Imagine you had to lead a team through a major time of transition and there was a strong and competent man who was the biggest nay-sayer in your midst.
Do you take him on and debate with him? Do you ignore him and pretend he doesn’t exist? Do you get others to form a cheerleading squad around you and drown him out?
Not if your name is Abraham Lincoln. You take a deep breath and as the saying goes; keep your friends close and your enemies closer.
Just imagine the confidence and strong beliefs in what you are doing to take on a rival such as William Henry Seward was and bring him into your inner circle. Lincoln was a master at relationships. He knew clearly that the very worst thing you can do with “enemies” is to ignore them.
What we learn from Lincoln is that it takes discipline and a larger vision than playing “the gotcha game” even though it can be done with great flare. He was able, as Doris Kearns Goodwin shows in her masterpiece “Team of Rivals” to form friendships with those who had opposed him. He was able to go beyond petty hostilities and put salve on post injuries, his own and others, to create coalitions that were for the good of the country.

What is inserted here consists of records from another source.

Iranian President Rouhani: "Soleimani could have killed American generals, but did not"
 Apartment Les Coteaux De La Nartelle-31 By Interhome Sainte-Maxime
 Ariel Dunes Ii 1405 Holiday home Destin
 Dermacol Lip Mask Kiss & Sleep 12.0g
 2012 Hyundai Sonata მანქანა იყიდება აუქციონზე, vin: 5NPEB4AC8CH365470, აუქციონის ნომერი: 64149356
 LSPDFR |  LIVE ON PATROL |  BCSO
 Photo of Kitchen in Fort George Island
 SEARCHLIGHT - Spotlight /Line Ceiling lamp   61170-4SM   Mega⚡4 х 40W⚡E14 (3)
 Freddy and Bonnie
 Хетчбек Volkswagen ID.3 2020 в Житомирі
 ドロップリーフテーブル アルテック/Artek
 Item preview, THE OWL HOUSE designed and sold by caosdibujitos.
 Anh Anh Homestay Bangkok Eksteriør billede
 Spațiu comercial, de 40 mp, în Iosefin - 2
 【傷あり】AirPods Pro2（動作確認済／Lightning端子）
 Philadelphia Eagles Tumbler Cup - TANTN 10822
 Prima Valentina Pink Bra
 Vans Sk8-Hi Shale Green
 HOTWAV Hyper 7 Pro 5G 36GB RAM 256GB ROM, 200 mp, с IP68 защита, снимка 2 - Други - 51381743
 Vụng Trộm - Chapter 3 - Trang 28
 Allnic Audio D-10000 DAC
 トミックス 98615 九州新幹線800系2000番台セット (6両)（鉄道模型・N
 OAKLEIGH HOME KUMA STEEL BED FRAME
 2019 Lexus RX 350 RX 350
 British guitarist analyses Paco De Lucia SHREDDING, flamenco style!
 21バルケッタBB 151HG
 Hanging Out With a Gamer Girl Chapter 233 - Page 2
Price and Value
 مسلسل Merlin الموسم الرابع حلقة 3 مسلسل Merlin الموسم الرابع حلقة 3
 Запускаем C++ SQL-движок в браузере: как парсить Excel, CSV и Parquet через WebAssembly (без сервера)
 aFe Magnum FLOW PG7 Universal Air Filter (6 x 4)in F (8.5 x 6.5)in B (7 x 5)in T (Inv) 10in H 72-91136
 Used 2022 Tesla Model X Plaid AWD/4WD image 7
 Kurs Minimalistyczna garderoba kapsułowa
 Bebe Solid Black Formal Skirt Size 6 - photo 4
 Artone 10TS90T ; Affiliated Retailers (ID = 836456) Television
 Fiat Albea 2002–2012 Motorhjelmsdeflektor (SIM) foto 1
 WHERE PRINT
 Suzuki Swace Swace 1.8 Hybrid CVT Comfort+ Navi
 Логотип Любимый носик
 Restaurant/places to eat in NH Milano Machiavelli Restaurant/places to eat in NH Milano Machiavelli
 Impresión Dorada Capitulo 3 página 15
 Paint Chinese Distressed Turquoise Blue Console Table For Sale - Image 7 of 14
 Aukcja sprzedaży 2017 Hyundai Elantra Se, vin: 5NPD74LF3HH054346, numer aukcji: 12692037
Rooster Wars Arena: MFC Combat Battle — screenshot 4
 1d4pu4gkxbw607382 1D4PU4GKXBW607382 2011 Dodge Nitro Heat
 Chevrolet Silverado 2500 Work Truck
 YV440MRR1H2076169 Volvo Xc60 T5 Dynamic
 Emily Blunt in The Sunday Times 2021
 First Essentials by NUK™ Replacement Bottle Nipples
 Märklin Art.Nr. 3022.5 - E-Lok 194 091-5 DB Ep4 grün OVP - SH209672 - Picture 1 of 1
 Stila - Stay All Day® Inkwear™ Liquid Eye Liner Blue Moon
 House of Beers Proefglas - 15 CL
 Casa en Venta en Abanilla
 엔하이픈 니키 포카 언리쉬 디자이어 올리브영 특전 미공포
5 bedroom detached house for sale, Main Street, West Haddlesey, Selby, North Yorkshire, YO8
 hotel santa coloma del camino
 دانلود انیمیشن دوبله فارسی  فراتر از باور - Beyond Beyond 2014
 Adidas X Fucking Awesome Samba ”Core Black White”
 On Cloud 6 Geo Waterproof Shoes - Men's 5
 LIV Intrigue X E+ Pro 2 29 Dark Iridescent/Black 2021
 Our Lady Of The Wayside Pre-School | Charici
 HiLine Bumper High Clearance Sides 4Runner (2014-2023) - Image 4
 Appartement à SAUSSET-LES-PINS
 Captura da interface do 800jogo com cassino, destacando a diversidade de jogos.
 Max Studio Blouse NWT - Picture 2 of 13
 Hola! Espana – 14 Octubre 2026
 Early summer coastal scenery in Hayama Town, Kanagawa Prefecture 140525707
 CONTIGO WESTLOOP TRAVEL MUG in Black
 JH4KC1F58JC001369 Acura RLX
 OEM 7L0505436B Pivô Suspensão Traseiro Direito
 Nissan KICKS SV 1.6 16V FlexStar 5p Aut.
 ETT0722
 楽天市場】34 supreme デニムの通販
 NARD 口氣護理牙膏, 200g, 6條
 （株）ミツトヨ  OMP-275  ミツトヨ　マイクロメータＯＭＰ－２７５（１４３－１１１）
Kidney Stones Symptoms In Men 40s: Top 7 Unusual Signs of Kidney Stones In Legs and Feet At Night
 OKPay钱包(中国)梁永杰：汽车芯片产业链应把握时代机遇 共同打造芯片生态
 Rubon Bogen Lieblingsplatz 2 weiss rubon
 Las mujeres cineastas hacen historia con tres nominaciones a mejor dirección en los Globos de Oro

He was able to find common ground, and be a model of resisting and going past, what I call JUBLA (JUdgment, BLame and Attack).
He had a valid way of handling anger that is as fresh today as it was in the past. He would write a letter to the person he was upset with and then put it aside or throw it away. He would express his anger but not dwell on it.
Think about who is in your team of rivals (we all have some in our midst) and stand tall like the most revered president this country has ever had. Great lesson this President’s holiday weekend.